Different reasons have been offered for the failure of the Cosatu day of action. At the simplest level, Cosatu officials probably underestimated the extent to which their lines of communication with rank-and-file workers had been disrupted. They almost certainly allowed themselves insufficient time to organize for the protest. Once the decision was taken, they had less than four days to organize a nationwide strike. Two of those days fell over the weekend, when workers were at home.
A related reason for the setback may be that Cosatu shifted too quickly from the factory floor to the political arena. Perhaps it made the tactical mistake of trying to fight a battle on two fronts at once. To avoid this error, union leaders of the old Federation of South African Trade Unions -- from which Cosatu emerged in part -- used to caution against moving too quickly into the political field.

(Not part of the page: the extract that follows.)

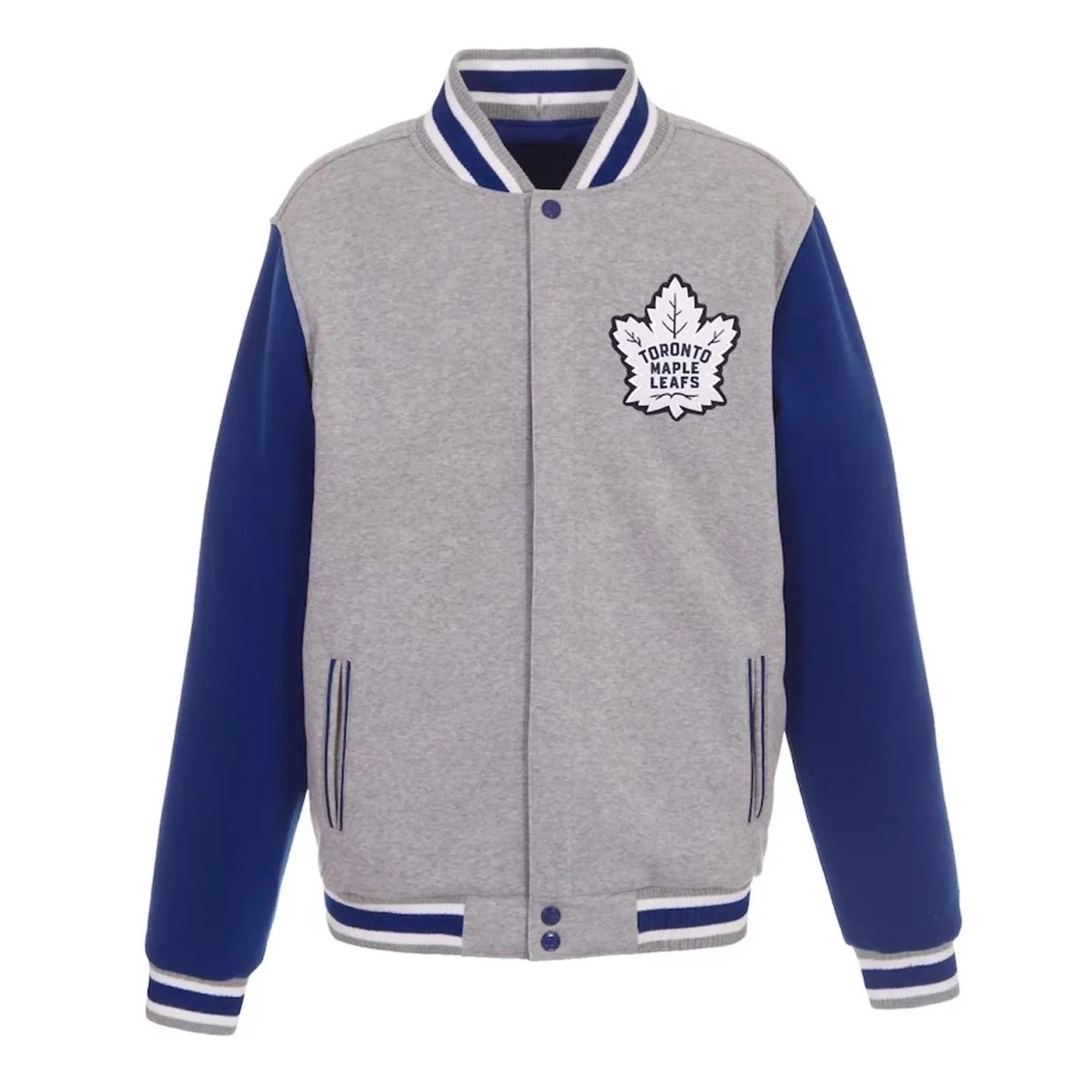 Toronto Maple Leafs Two Tone Gray/Blue Wool Varsity Jacket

Thus Joe Foster, General Secretary of the now defunct Federation of South African Trade Unions, warned in 1981: ``You can't fight the state and the employers at the same time.... Who is the enemy? The bosses are the enemy. These are the people one should actually direct attention to.'' In defiance of this warning, Cosatu declared war on both the state and the bosses by proclaiming that employers were co-responsible with the state for the detention of trade union leaders.
Battle was joined on another issue -- the rent boycott by black township residents. Last week saw several black town councils attempt to force householders to pay rents by threatening to evict them. A critical contest of will is unfolding in Soweto, largest of South Africa's black townships.

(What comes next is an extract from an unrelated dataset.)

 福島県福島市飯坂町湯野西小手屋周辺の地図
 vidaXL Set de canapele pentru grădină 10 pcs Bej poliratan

The deadline set by the Soweto council for residents to pay arrears in rent has come and gone. Notices are being served, giving rent defaulters seven days to pay or face eviction. The rent boycott began in June to support demands for a general lowering of rents, the abolition of rents for pensioners, and the dissolution of the Soweto Council, which black radicals call a ``puppet body.'' Two-thirds of Soweto's 75,000 householders responded to the boycott call, reducing the council's revenue from rents from 7.5 million to 2 million rands, the town clerk of the Soweto Council, Nico Malan, said in an interview.
The Soweto Council's campaign has presented many householders with an acute dilemma. If they refuse to pay rent, they risk losing their houses in a society where thousands of people are homeless. (There are 22,000 families on the official waiting list in Soweto.) If they pay up, they risk losing their lives in a nocturnal petrol bomb attack by ``comrades,'' young militants who punish those they deem to be collaborators with the white-controlled government.

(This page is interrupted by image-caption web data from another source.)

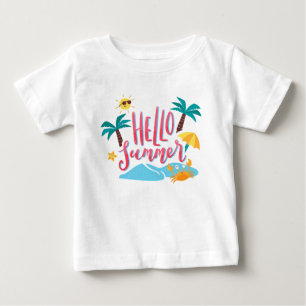 Beach - Hello Summer with Palm Trees and Crab Baby T-Shirt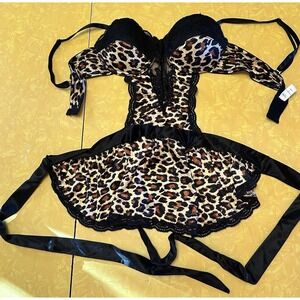 Passion Forever Leopard Print Black Lace Babydoll Size S Waist Tie Push Up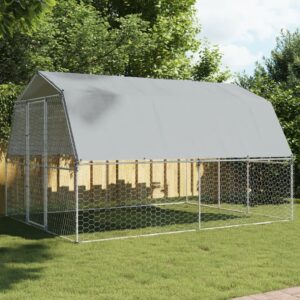 Dog Cage Silver Galvanized Steel Large Sturdy Dog Cage
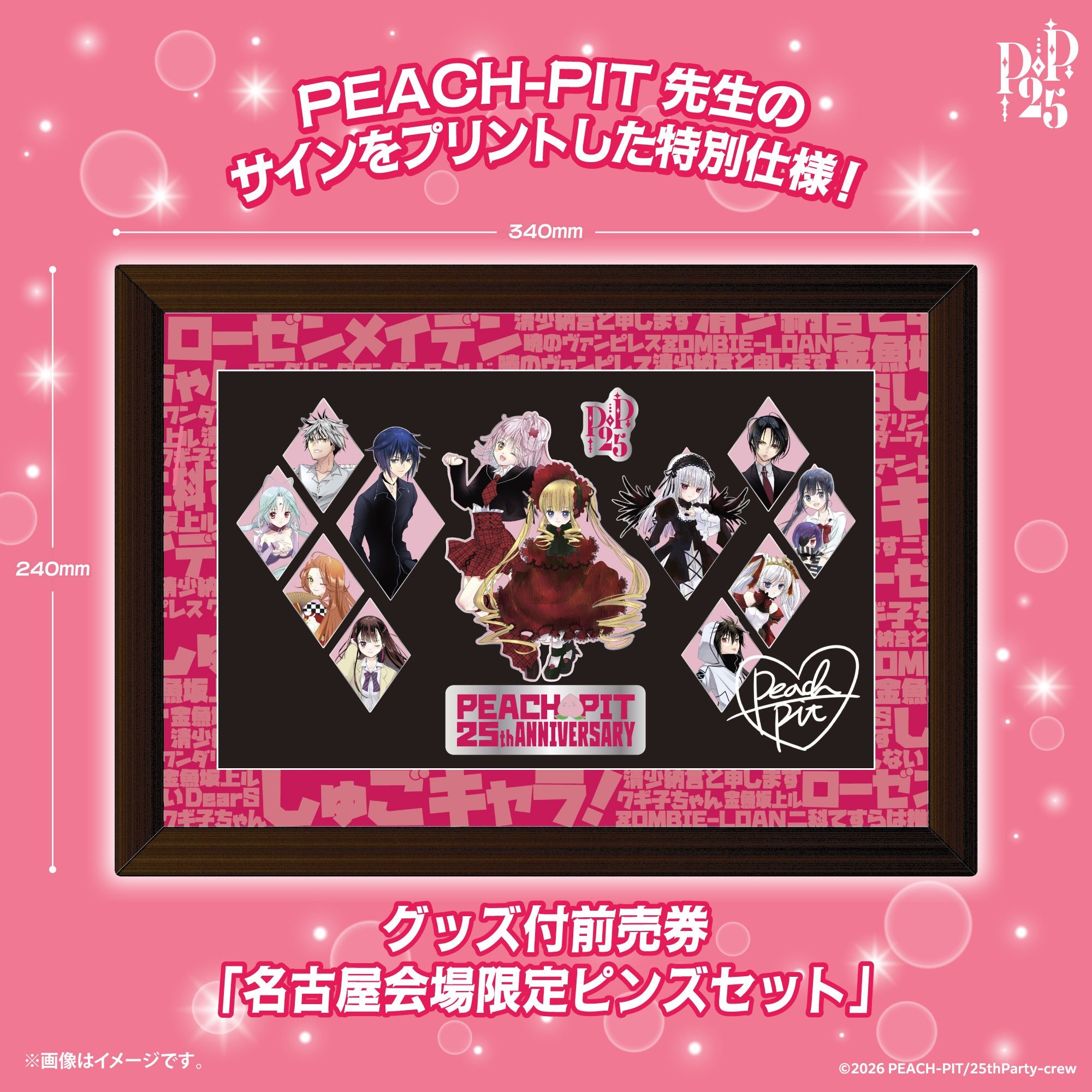 名古屋会場限定ピンズセット（PEACH-PIT先生のサインがプリントされた特別仕様）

On the legal front, antigovernment forces have scored some successes. The courts ordered the release of two people detained under emergency regulations.
And in a more recent case, the full bench of the Natal Supreme Court ruled that five of the six definitions of a ``subversive'' statement in the emergency regulations were null and void. They were too vague to be lawful, the judges found. These definitions were major restraints on political leaders' comments about the state of emergency -- and even on reporting on it.
This report is filed under South Africa's emergency regulations, which prohibit naming people who have been detained, reporting security force actions unless officially authorized, and relaying information deemed subsversive.